Calhoun’s triple option banks more heavily on the tailback and less on the quarterback and fullback than the offenses of the other service academies. It has worked well for him. Calhoun inherited from his college coach a program coming off of three consecutive losing seasons. He has had eight winning seasons and three losing ones since taking over the program.
We’ll never know if Calhoun would have left his alma mater for the Kansas job. If he had become Weis’ successor, might Zenger still be the athletic director? Probably. Ditto for if Zenger had hired Dave Doeren, then at Northern Illinois, now at North Carolina State, instead of Weis.
It’s always a dangerous thing to shrink a pool of candidates for any job by disqualifying someone based on a trait that has nothing to do with the ability to do the job, such as: “Too old. They need a younger guy.”
Mention any football coach approaching 60 and this is a common retort. But what does it actually mean? Not much.
David Beaty, 47, could smoke septuagenarian football coaches Frank Solich and Bill Snyder in a footrace. Solich turns 74 during this coming season, Snyder 79. Beaty is 0-5 coaching against them.
Today, we look at the oldest coach on the list of 10 “Group of Five” coaches ready to hit the big-time. Why is his age relevant? It’s not. If you don’t believe me, ask his 42-year-old wife.
No. 6— Craig Bohl, Wyoming
Record at school: 22-29
Overall record: 126-61
Impressive win: vs. No. 13 Boise State, 30-28, Oct. 29, 2016
Why he’s on the list: Wyoming football had not had consecutive winning seasons since having five in a row (1995-1999). Craig Bohl was hired to fix that and fix it he has done. His four records at Wyoming, in order: 4-8, 2-10, 8-6, 8-5. He has flipped the program in just four years.
He’ll have a chance to show this year that it wasn’t just because he had a quarterback, Josh Allen, taken with the seven pick of the first round of the NFL draft. (Anyone who thinks that needs to know that Wyoming ranked ninth in the nation with 17.5 points allowed).
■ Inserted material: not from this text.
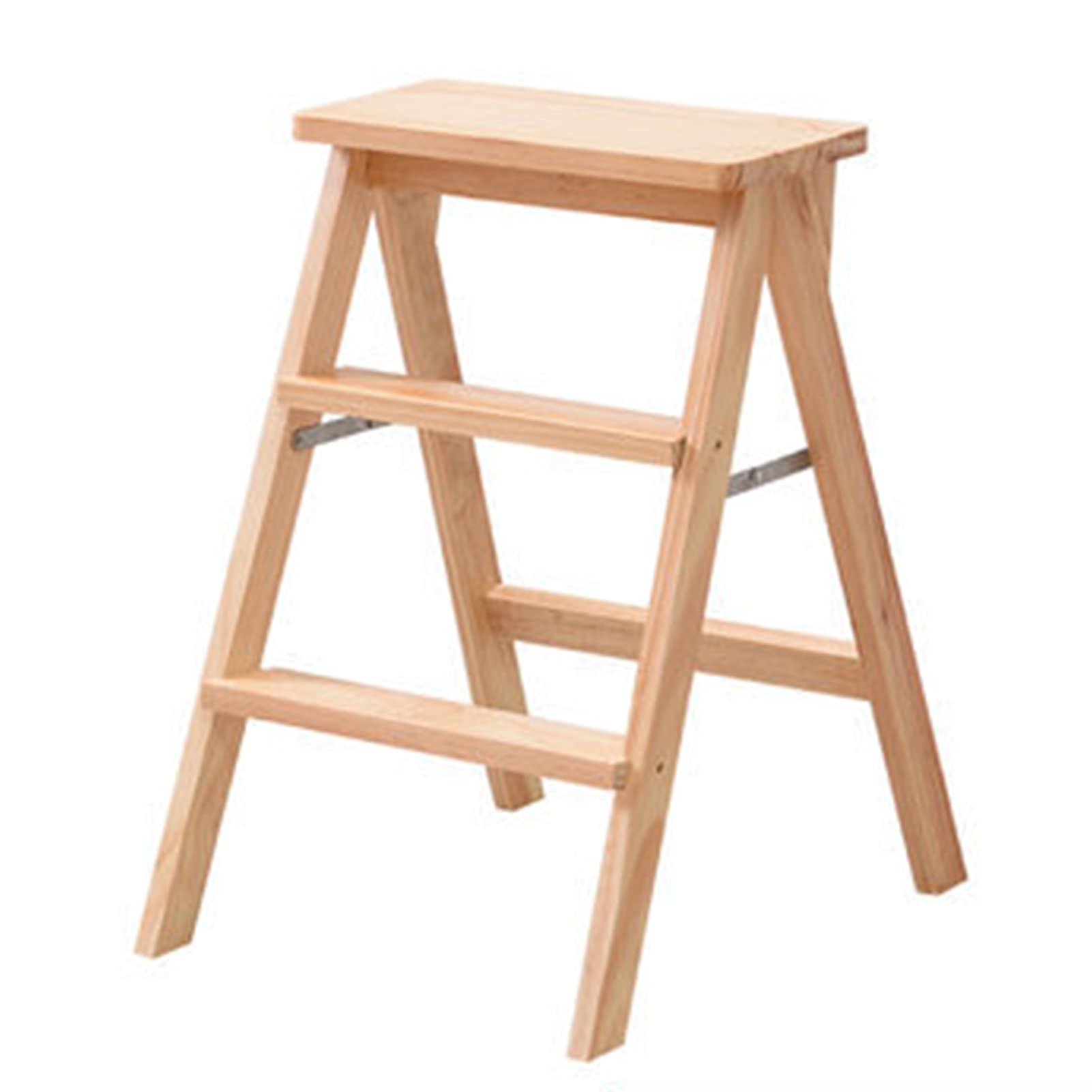 Cxvhsertwr Natural Ladders For Home, Step Stools Folding 3 Stool For Adult/Seniors(Natural)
Allen competed a year in junior college and sent information and a letter to FBS programs asking for a chance. Only Eastern Michigan and Wyoming offered.
Allen was not the first stealth superstar quarterback recruited by Bohl. Carson Wentz didn’t play quarterback until senior year of high school and didn’t receive any FBS offers until Central Michigan very late in the process. He played for Bohl at in-state North Dakota State, which Bohl coached to three consecutive FCS national championships at the end of his 11 seasons at the school.
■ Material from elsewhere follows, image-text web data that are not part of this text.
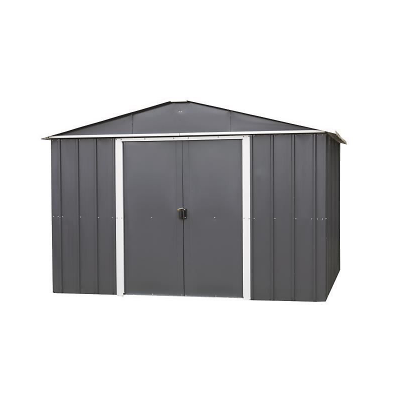 Abri de jardin m&eacute;tal gris Yardmaster 11,03 m&sup2; + kit d'ancrage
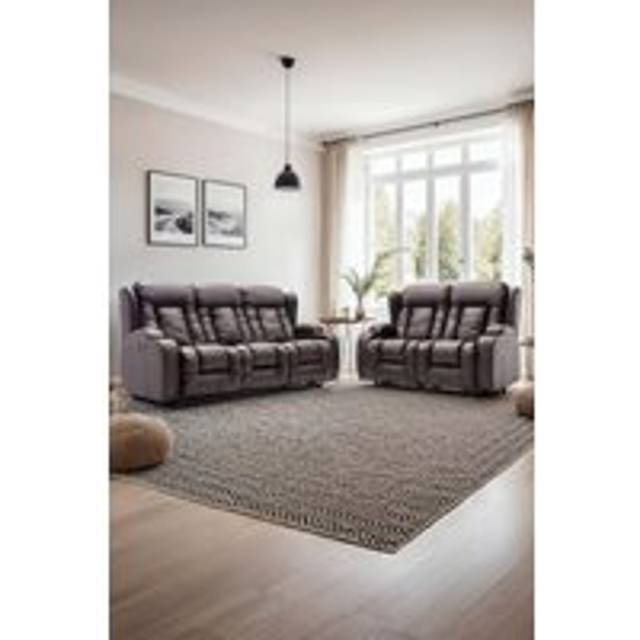 Caesar Manual Recliner Bonded Leather 2+3 Seater Sofa Set - Brown - One Size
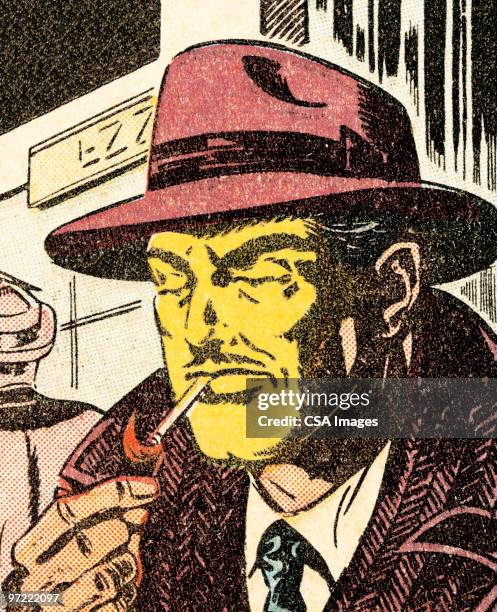 man lighting a cigarette - detective stock illustrations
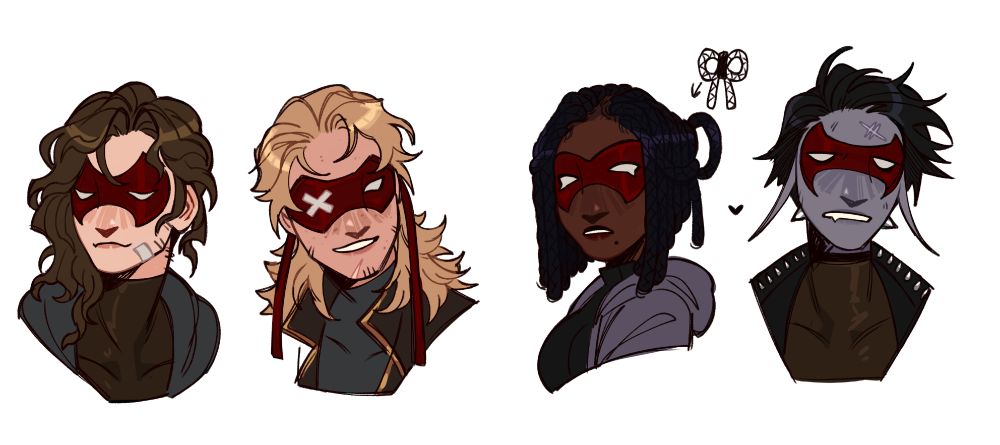 A lineup of 4 busts, each character wearing a matching red mask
So often, schools look to go 180 degrees from a fired coach when making a new hire. It would be difficult to find a more polar opposite to David Beaty than Bohl.
Beaty is a new-age coach, Bohl old-school. Beaty was a receiver at a small school, Lindenwood, Bohl a defensive back at a national powerhouse, Nebraska. As an assistant, Beaty was always on the offensive staff, Bohl the defensive. Beaty has had trouble finding a quarterback, but passes more than he runs. Bohl finds NFL passers, but runs more than he passes. Beaty’s teams try different uniform combinations every week. Bohl ditched that approach favored by his predecessor and his teams have two uniforms: one for home games, one for road games.
Beaty’s offense, the Air Raid, is all about stretching the field, making the defense defend as much turf as possible. Bohl demands his players win the battle in the smallest space of all, the one between his players’ facemasks and the enemies’ grills.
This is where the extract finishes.